Ya da hiç düşünmeyin; çünkü tutmaz. Hiçbir yapımcı, hiçbir kanal böyle bir projeye girmez. Deli derler adama. Bir vakitler böyle bir dizinin bu ülkede, ticari bir televizyon kanalında yayınlanabildiğini, üstelik yayından kaldırıldığı zaman bile yapımcısının direnerek final bölümünü çekebildiğini ise sadece hatırlayanlar bilir.

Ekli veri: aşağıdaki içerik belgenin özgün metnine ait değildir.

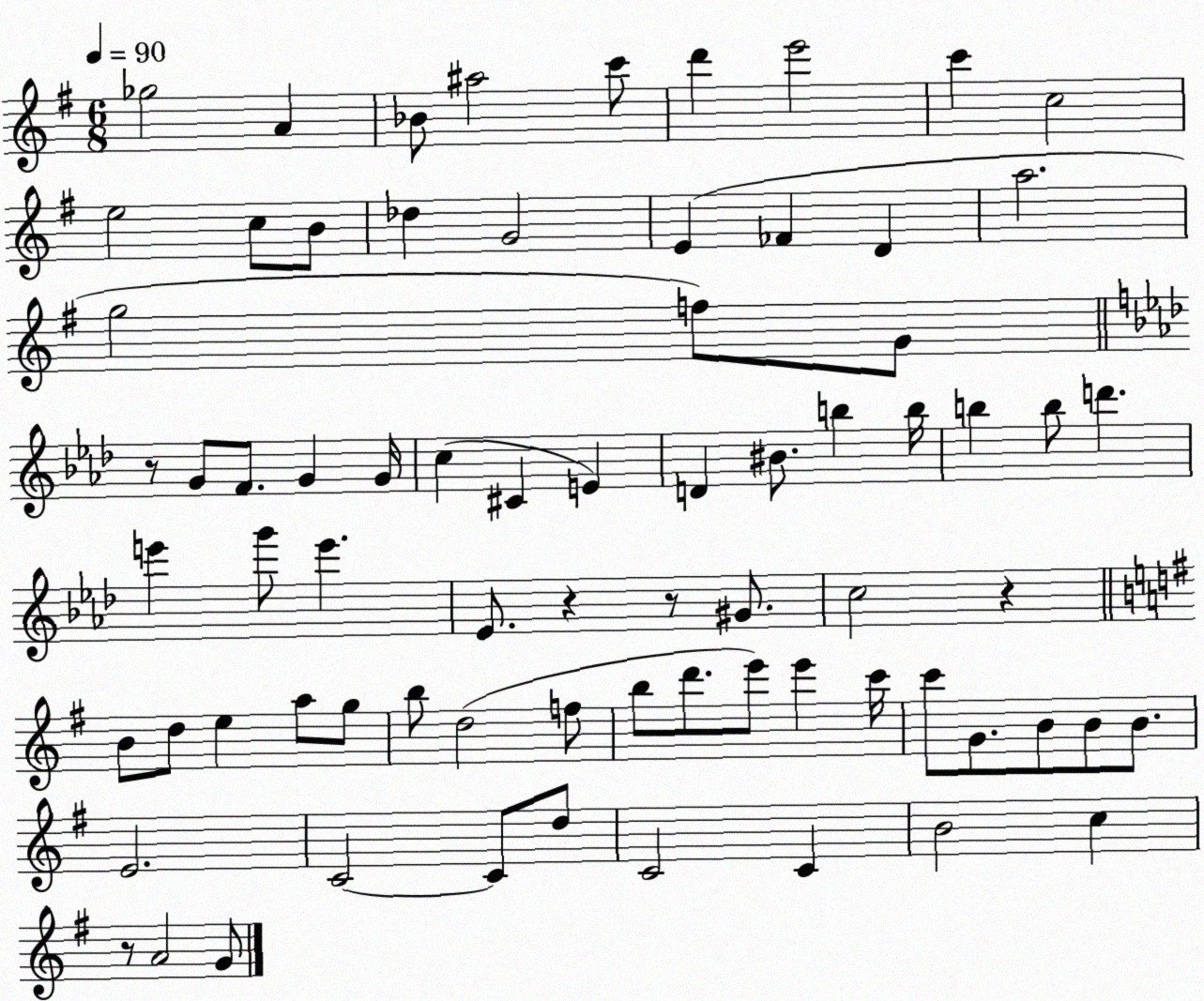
X:1
T:Untitled
M:6/8
L:1/4
K:G
_g2 A _B/2 ^a2 c'/2 d' e'2 c' c2 e2 c/2 B/2 _d G2 E _F D a2 g2 f/2 G/2 z/2 G/2 F/2 G G/4 c ^C E D ^B/2 b b/4 b b/2 d' e' g'/2 e' _E/2 z z/2 ^G/2 c2 z B/2 d/2 e a/2 g/2 b/2 d2 f/2 b/2 d'/2 e'/2 e' c'/4 c'/2 G/2 B/2 B/2 B/2 E2 C2 C/2 d/2 C2 C B2 c z/2 A2 G/2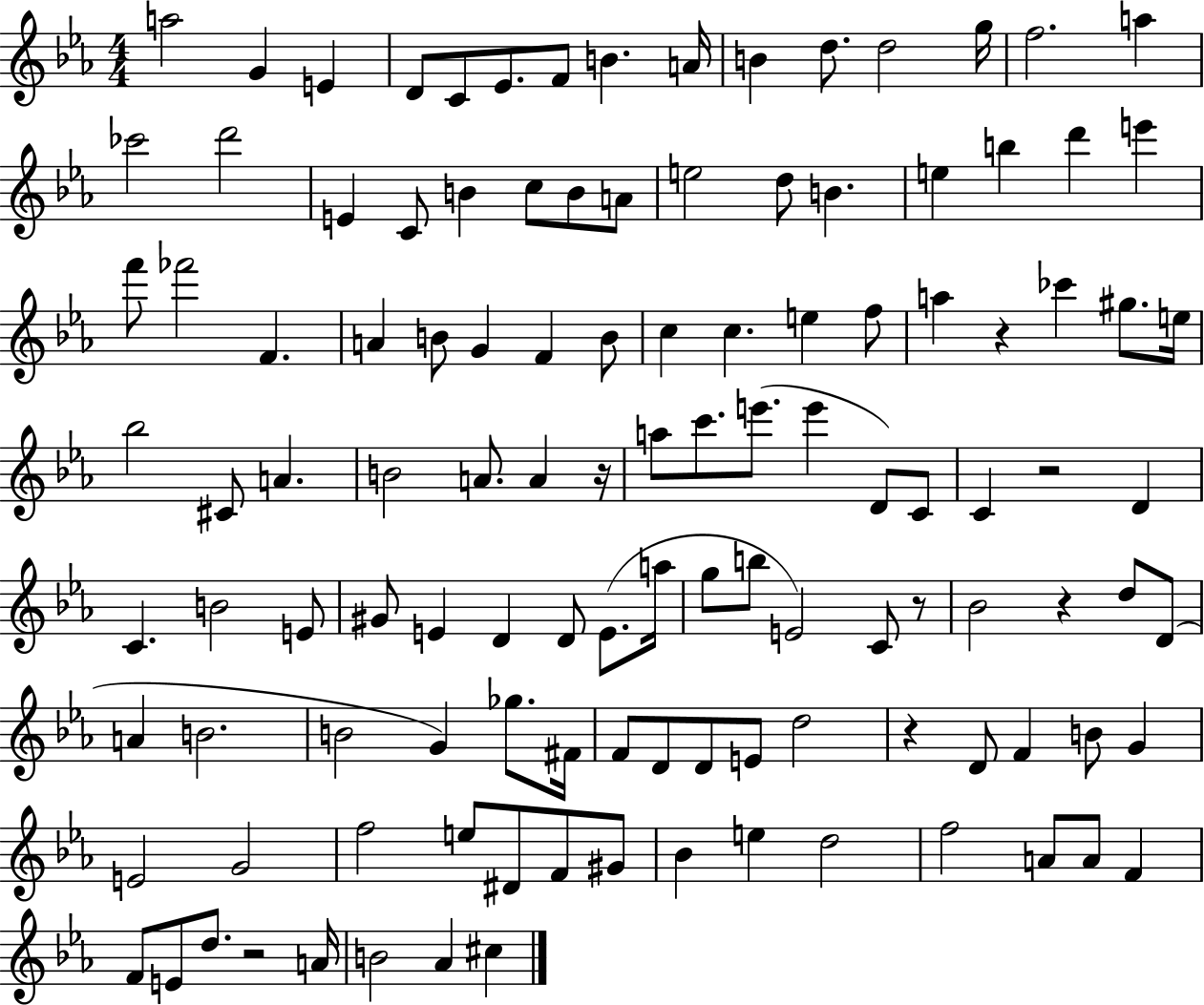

“İkinci Bahar”ın ilk bölümü 29 Ekim 1998 gecesi atv’de ekrana geldiğinde henüz algıları, zevkleri ve tercihleriyle bu kadar oynanmamış, zaafları bu kadar suistimal edilmemiş televizyon izleyicisini ekran başına çekecek çok sayıda cazip neden vardı. Bir kere Yeşilçam döneminin son starlarından Şener Şen ilk kez bir televizyon dizisinde oynuyordu. Daha da önemlisi Yeşilçam döneminin en büyük starı Türkan Şoray, “Tatlı Betüş”, “Bir Aşk Uğruna” ve “Gözlerinde Son Gece”den sonra dördüncü kez bir televizyon dizisi için kamera karşısına geçiyordu. Çok ters köşe bir rolle ve bu defa dublajsız, sesli çekimle…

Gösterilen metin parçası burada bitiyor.